Les manifestants sont pour la plupart des jeunes, ils ont le visage masqué, portent des casques et sont munis de parapluies pour se protéger d'éventuels tirs de balles de caoutchouc et de gaz lacrymogène.

"Ajoutez de l'huile, ajoutez de l'huile !", scandaient les contestataires de ce mouvement sans leader, reprenant ainsi un message d'encouragement typiquement cantonais.

Ils n'ont battu en retraite que lorsque les policiers ont prévenu dans la nuit qu'ils allaient user de la "force nécessaire", se repliant dans les rues alentours. Puis, les forces de l'ordre ont tiré plusieurs salves de gaz lacrymogène.

La mégapole étincelante de gratte-ciel est connue pour le caractère généralement bon enfant de ses mouvements sociaux.

L'immense mouvement en faveur de la démocratie de l'automne 2014 était resté très majoritairement pacifique. Mais Pékin n'avait rien cédé aux manifestants qui réclamaient l'élection du chef du gouvernement au suffrage universel et dans les mois et années qui ont suivi, les grandes figures du mouvement ont été jetées en prison.

Aujourd'hui, le gouvernement a bien suspendu le texte sur les extraditions mais les protestataires exigent son retrait définitif, la démission de la cheffe de l'exécutif Carrie Lam et l'arrêt des poursuites contre les manifestants arrêtés.

Une vidéaste de 23 ans, qui s'identifie sous son seul nom de famille, Lam, rappelle que deux manifestations monstres ont réuni un million, puis deux millions de personnes au mois de juin.

"Mais peu importe le nombre des manifestants, le gouvernement s'en fiche tout simplement", dit-elle à l'AFP. Les jeunes "espèrent avec ces actions violentes attirer l'attention du gouvernement et des citoyens".
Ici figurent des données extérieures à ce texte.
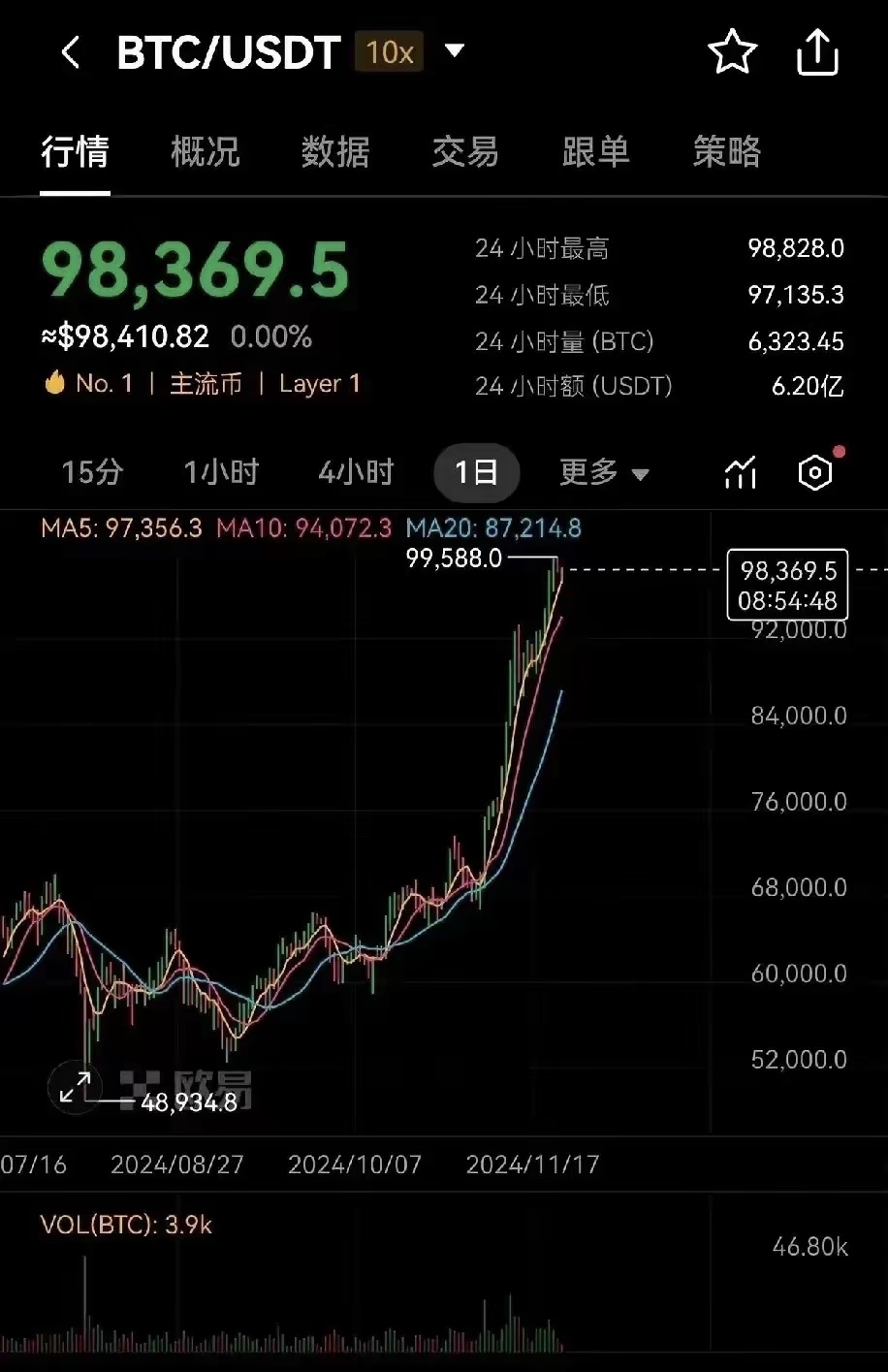 比特币实时行情走势，比特币实时行情走势图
- "Rien d'autre à faire" -

Aux termes de l'accord de rétrocession, Hong Kong bénéficie de libertés inconnues dans le reste de la Chine, en théorie jusqu'en 2047, en vertu du principe "un pays, deux systèmes".

Mais de plus en plus de Hongkongais ont l'impression que Pékin accroît sa mainmise sur ce territoire semi-autonome. Parti du rejet du texte sur les extraditions, le mouvement s'est élargi à une dénonciation généralisée des autorités hongkongaises auxquelles les protestataires ne font plus confiance tant ils ont l'impression qu'elles ont permis, voire favorisé, l'érosion de leurs libertés.
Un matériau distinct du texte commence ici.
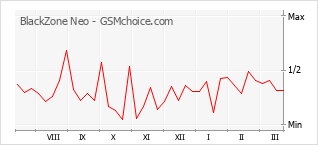 Le graphique de popularité de BlackZone Neo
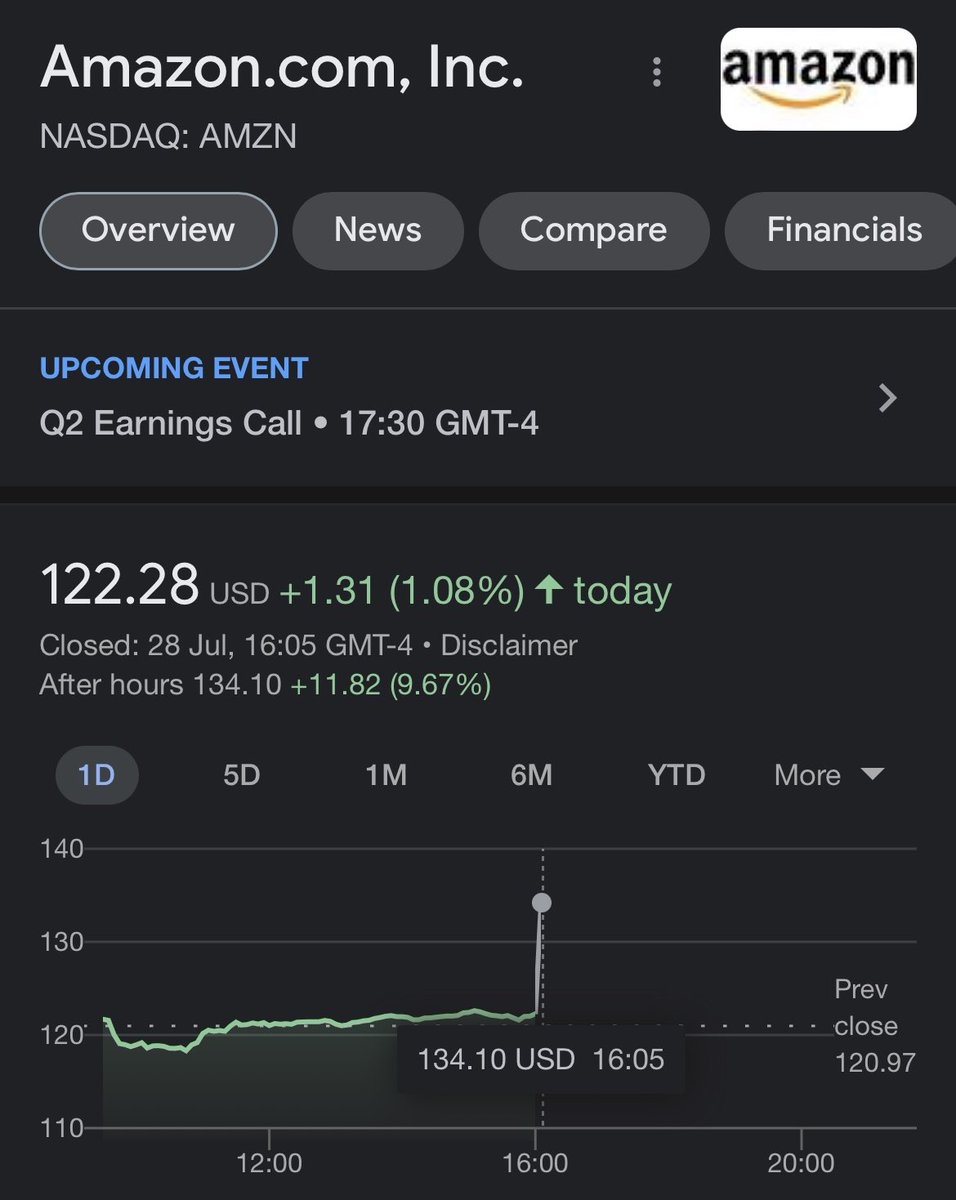 FTX Access tweet media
"Je ne suis pas d'accord avec le recours à la violence", lance Cheung, une publicitaire de 24 ans. Mais le "gouvernement ne nous laisse pas le choix. Nous n'avons rien d'autre à faire que de nous battre".
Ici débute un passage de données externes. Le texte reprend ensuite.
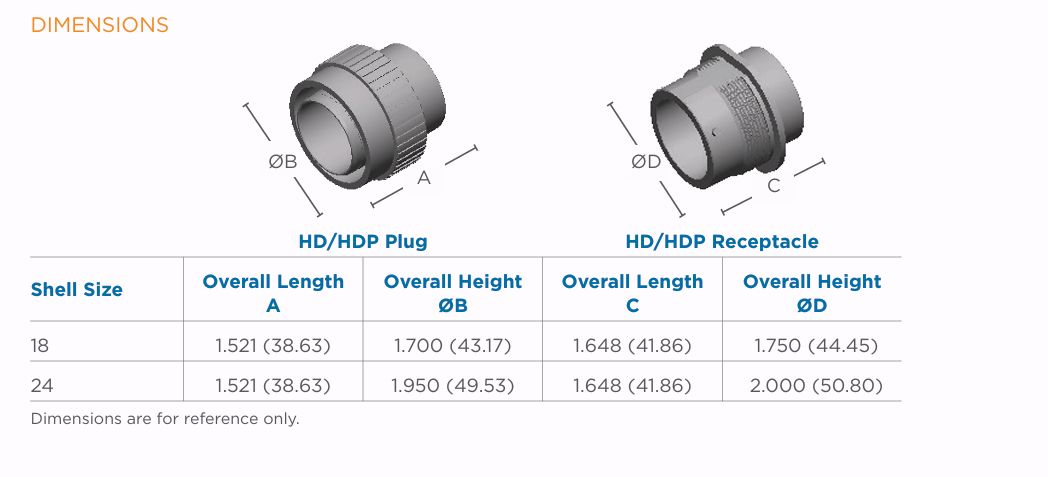 HD30 Series Connector thumbnail 3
"Nous sommes jeunes donc nous n'avons pas peur", poursuit-elle. "Nous savons que nous violons la loi mais nous n'avons pas le choix".

La protestation protéiforme en cours, où les manifestants se donnent des mots d'ordre par messagerie sécurisée, est caractérisée par une improvisation sans doute difficile à appréhender par les autorités. Mais les tactiques de plus en plus radicales de certains leur aliènent une partie de la population et des dizaines de milliers de Hongkongais sont descendus dimanche dans la rue pour soutenir la police.